Belarus’ relations with Azerbaijan and Armenia increasingly favor the former, ignoring Belarus’ formal commitments to Yerevan. The recent purchases have increased the gap in military capabilities, already fueled by Russian arms sales to Azerbaijan worth US$ 5 billion since 2011. The ongoing militarization of Azerbaijan and Armenia has irreversibly shifted the security environment in the South Caucasus, incentivizing both sides to view the Karabakh problem thought the lens of political realism. With a zero-sum logic prevailing in Yerevan and Baku, both have become preoccupied with military build-up as the only means of survival at the expense of the adversary’s security.

CONCLUSIONS: Azerbaijan’s endeavor to acquire “smart” warfare capabilities, combined with militaristic rhetoric and constant military drills, indicates a readiness to wage war against Armenia. However, the potential repercussions for Azerbaijan remain uncertain, not least given the new leadership in Armenia. Azerbaijan is seemingly utilizing a brinkmanship strategy to test the reactions of Armenia’s new political elite.

If the Armenian leadership starts to question the credibility of the country’s defense capabilities as a deterrent, Armenia could take steps in line with the logic of pre-emptive military action in the face of an anticipated imminent threat from Azerbaijan. A resumed conflict would compel Yerevan to either recognize Karabakh as an independent state, or to proclaim Karabakh a part of Armenia – deliberately seeking to embroil the CSTO in the conflict.

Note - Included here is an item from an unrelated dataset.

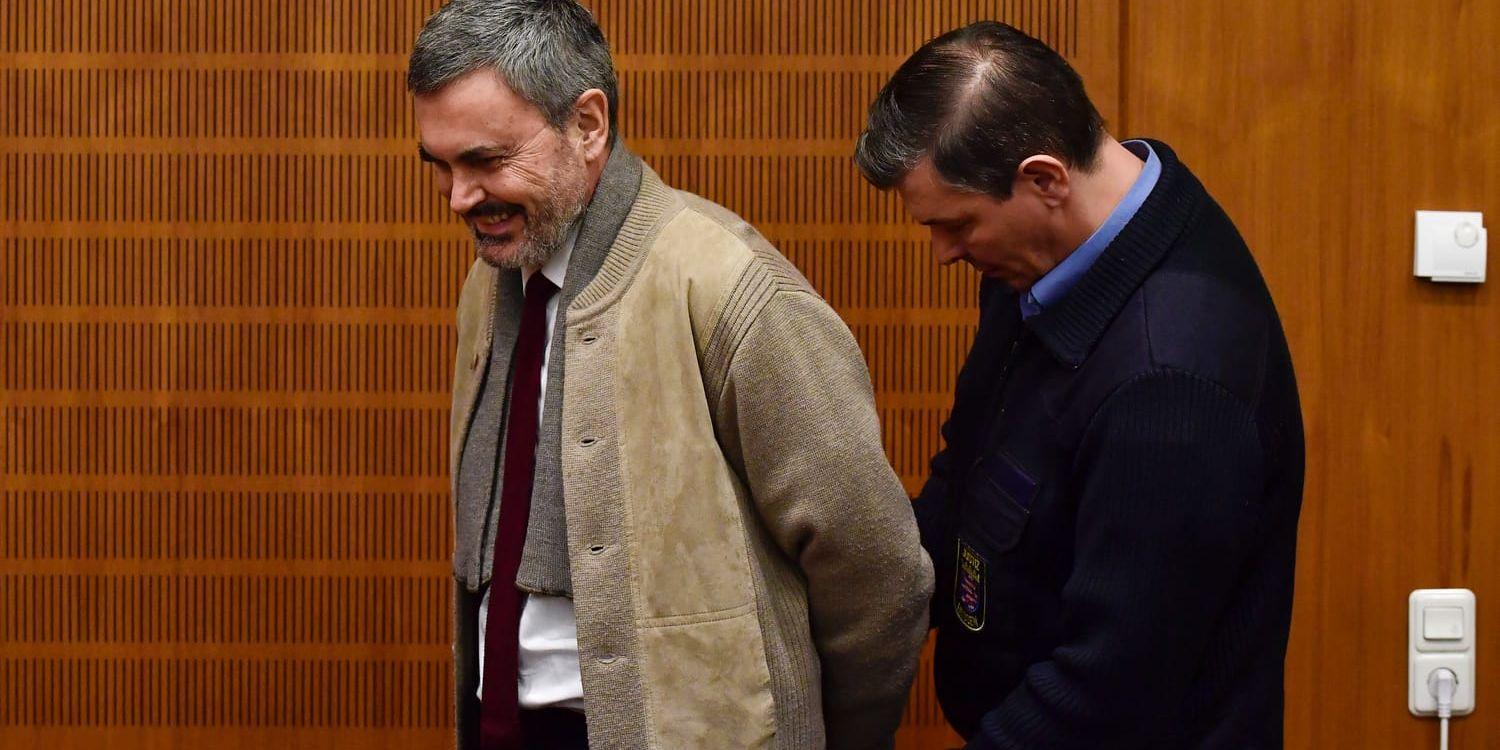 
John Ausonius, lasermannen,  förs in i rättssalen i Frankfurt. Han står inför rätta misstänkt för att ha mördat en kvinna i samma stad för 25 år sedan.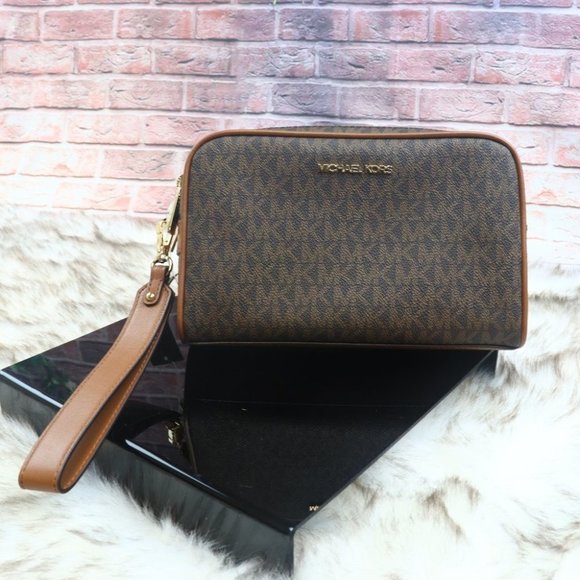 Michael Kors Handbags - Michael Kors Clutch Jet Set Item Md Travel Pouch Wristlet Brown Newet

Azerbaijan’s missile deals will definitely affect Armenia’s military planning, making it more focused on a pre-emptive strike concept. Armenia’s overall strategy is shifting towards threat prevention, displacing a soviet-style conventional deterrence and defense logic with capacity for pre-emptive punitive measures in order to reduce casualties and strategic losses.

AUTHOR’S BIOS: Eduard Abrahamyan is a regional security analyst with emphasis on the Black Sea, South Caucasus and Central Asia. He is a CACI Spring 2017 Rumsfeld Fellow and a PhD Candidate at University of Leicester, UK.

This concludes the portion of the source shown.